Conventional sputtering suffers from low deposition rates and high working pressures, resulting in lower film quality. Magnetron sputtering addresses these issues more ideally. It employs an external magnetic field to alter the ions’ linear trajectory to a helical path around the magnetic field direction, lengthening their path and improving collision efficiency with target molecules, thereby enhancing sputtering efficiency. This results in increased deposition rates, reduced working pressures, and significantly improved film quality.

4. Etching Techniques

Etching is classified into dry and wet modes, named for their use (or lack) of specific solutions respectively.

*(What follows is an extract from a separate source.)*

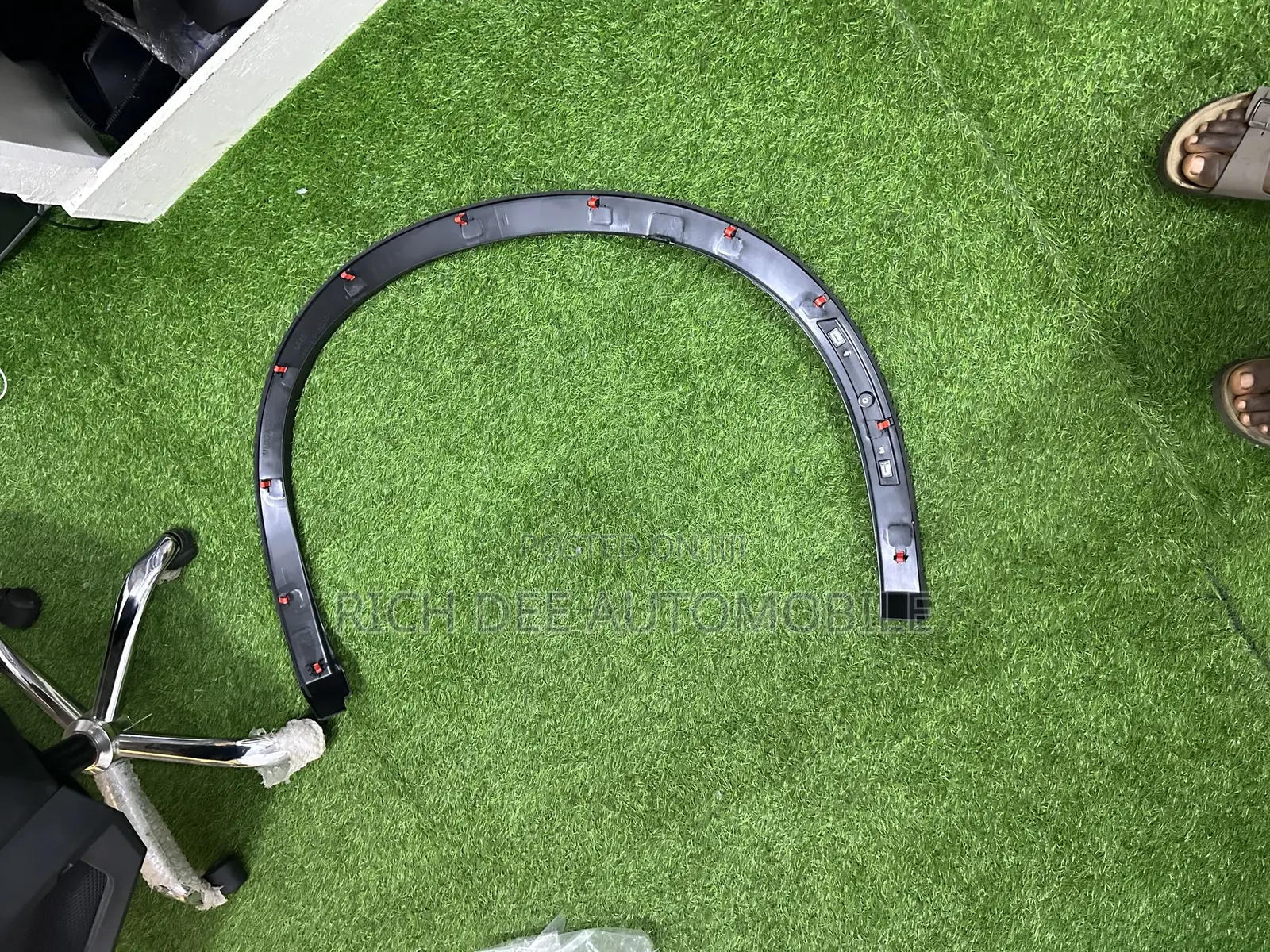 Outlander 2023 Fender Moulding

Typically, etching requires the preparation of a mask layer (which can directly be photoresist) to protect regions not intended for etching.

(1) Dry Etching

Common dry etching types include Inductively Coupled Plasma (ICP) etching, Ion Beam Etching (IBE), and Reactive Ion Etching (RIE).

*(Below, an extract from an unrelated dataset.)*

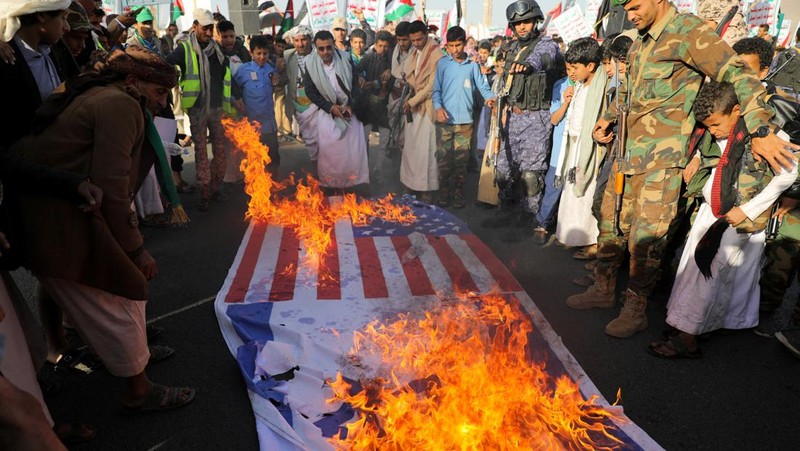 Warga melakukan unjuk aksi unjuk rasa di depan Kedutaan Besar Amerika Serikat (AS), Jakarta, Sabtu (13/12/2024). (AP Photo/Dita Alangkara)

In ICP etching, the glow discharge-produced plasma contains numerous highly chemically active free radicals (free atoms, molecules, or atomic groups), which react chemically with the target material to form volatile products, thus achieving etching.

IBE employs high-energy ions (ionized from inert gases) to directly bombard the target material’s surface for etching, representing a physical process.

RIE is considered a combination of the previous two, replacing the inert gas used in IBE with the gas utilized in ICP etching, thereby constituting RIE.

For dry etching, the vertical etching rate far exceeds the lateral rate, i.e., it has a high aspect ratio, allowing precise replication of the mask pattern. However, dry etching also etches the mask layer, showing poorer selectivity (the ratio of etching rates of target material to the mask layer), especially with IBE, which may non-selectively etch across the material’s surface.

(2) Wet Etching 

Wet etching denotes the method of etching achieved by immersing the target material in a solution (etchant) that chemically reacts with it.

This etching method is simple, cost-effective, and shows good selectivity but has a low aspect ratio. The material beneath the mask edges can be corroded, making it less precise than dry etching. To mitigate the negative impacts of a low aspect ratio, appropriate etching rates must be chosen. Factors influencing the etching rate include etchant concentration, etching time, and etchant temperature.**